I guess what bugs me about the exploration of prayer (whether my own exploration or someone else's) is that it can turn into such an intense separate subject that it detracts from the key message/goal which is God Himself. I don't want to study prayer. I want to draw closer to God and know Him more. Prayer is just a way of doing that and seems simple enough without having to study it, for crying out loud. Jesus' example of prayer is so perfectly simple and all encompassing ("Our Father who art in heaven..."). Yet, He spoke with God so regularly I would hardly call it prayer. I would call it communion. Is that what prayer is? Then why is it important for me to make prayer a distinct discipline when it should be a common integrated part of my life? In my mind, prayer should not even be a word. Communion makes most sense. It's what takes place when two come together and converse. A lack of conversation is almost impossible with my husband on a daily basis. So shouldn't a lack of conversation be almost impossible with the God who lives inside me? The times when I lack conversation with my husband is when we are on bad terms with one another. We don't desire to be with one another when we've hurt or misunderstood each other. Thankfully God does not do wrong or misunderstand me. It's a one-sided issue when there is an issue. Which means I have the ability to draw near again to him when I confess and submit. And if confession and submission are daily then I stay in communion.

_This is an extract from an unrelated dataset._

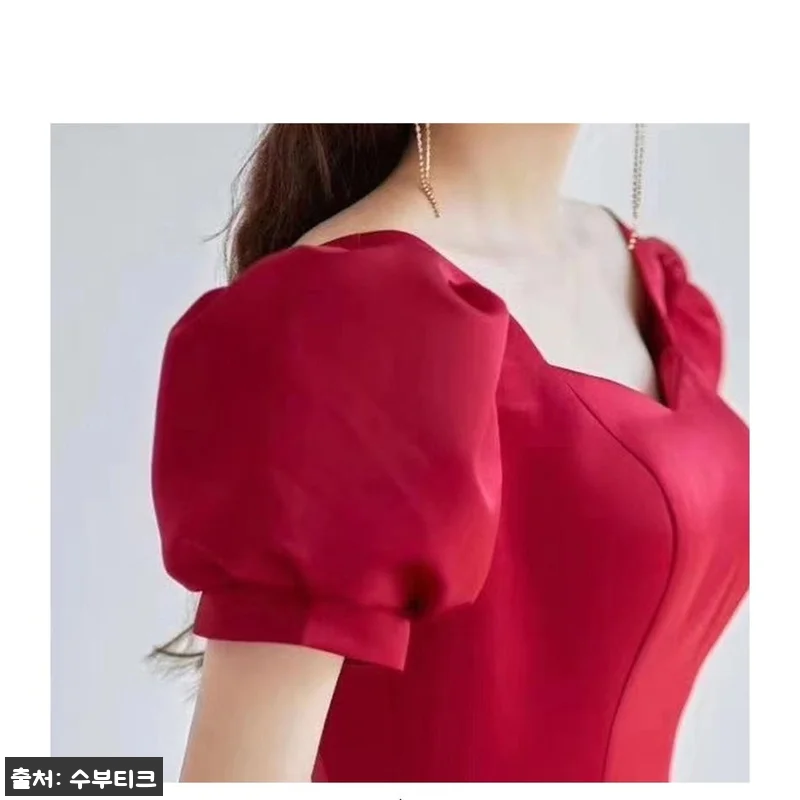 소매퍼프 스몰웨딩 스냅촬영 새틴 스퀘 관련 이미지 4
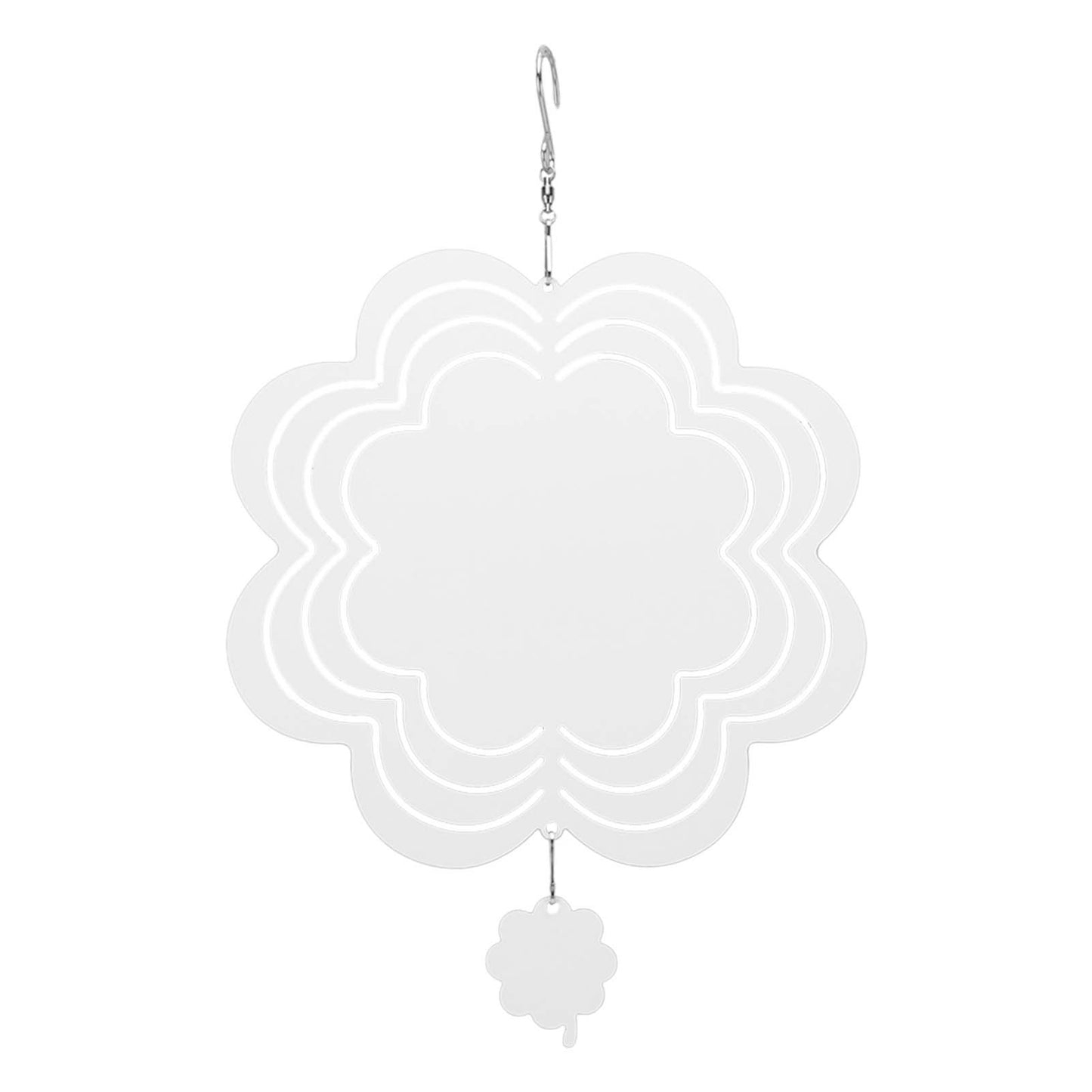 DIY Sublimation Wind Chime Aluminum Blank Wind Chimes Hanging Pendant for Outdoor Garden Courtyard Decoration 200x200x1mm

Communion. When I think of prayer in this way, I desire it. I see God sitting with me as I thank Him for the meal. I feel His arm around me when I cry in despair for a hurt loved one. I see Him nod in understanding when I'm frustrated with violence and injustice.

God, I long to experience communion with you all day every day. Help me to never face an hour without speaking and listening to you. You ARE near. I just sometimes forget You're with me and walk away from You. Please help me remember. Brand Yourself on my heart so I know forever I'm Yours.
 __________________

A side note: I unplugged our TV for Lent. My days feel suddenly longer and I'm playing with more toys and reading more books and washing more dishes. :)


Another side note: I think I've made small forward steps in my communion with God. I'm asking for guidance more before I pray. I love the practice of listening to Him before jumping into prayer.